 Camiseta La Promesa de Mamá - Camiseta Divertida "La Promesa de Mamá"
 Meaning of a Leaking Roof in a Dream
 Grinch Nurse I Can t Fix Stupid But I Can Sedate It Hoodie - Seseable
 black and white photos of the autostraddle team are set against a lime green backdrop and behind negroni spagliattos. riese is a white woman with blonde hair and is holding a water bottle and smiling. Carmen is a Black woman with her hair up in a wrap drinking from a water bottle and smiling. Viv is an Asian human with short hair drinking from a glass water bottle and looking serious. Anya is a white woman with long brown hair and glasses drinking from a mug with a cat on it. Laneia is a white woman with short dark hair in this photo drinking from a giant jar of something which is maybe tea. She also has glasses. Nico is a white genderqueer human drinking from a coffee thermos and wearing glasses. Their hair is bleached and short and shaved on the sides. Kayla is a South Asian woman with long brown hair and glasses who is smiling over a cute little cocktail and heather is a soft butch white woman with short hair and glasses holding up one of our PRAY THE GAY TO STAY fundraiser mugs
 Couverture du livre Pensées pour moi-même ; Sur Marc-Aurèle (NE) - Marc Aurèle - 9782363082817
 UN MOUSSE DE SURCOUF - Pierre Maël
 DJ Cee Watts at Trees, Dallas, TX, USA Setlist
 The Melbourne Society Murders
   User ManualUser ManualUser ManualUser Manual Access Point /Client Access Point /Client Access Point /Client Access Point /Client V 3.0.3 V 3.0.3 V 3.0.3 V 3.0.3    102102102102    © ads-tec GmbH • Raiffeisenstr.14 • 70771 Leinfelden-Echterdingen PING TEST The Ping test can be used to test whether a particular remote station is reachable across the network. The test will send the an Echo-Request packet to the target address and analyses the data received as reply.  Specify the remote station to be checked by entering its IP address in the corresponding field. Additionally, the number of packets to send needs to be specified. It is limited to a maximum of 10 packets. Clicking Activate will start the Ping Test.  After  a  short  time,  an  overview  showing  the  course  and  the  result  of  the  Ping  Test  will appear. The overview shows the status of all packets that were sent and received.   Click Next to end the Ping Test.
-.-.-
When you reach the line in the material above that holds "Couverture du livre", begin reproducing lines exactly, and stop after the line that holds "The Melbourne Society Murders".

 Couverture du livre Pensées pour moi-même ; Sur Marc-Aurèle (NE) - Marc Aurèle - 9782363082817
 UN MOUSSE DE SURCOUF - Pierre Maël
 DJ Cee Watts at Trees, Dallas, TX, USA Setlist
 The Melbourne Society Murders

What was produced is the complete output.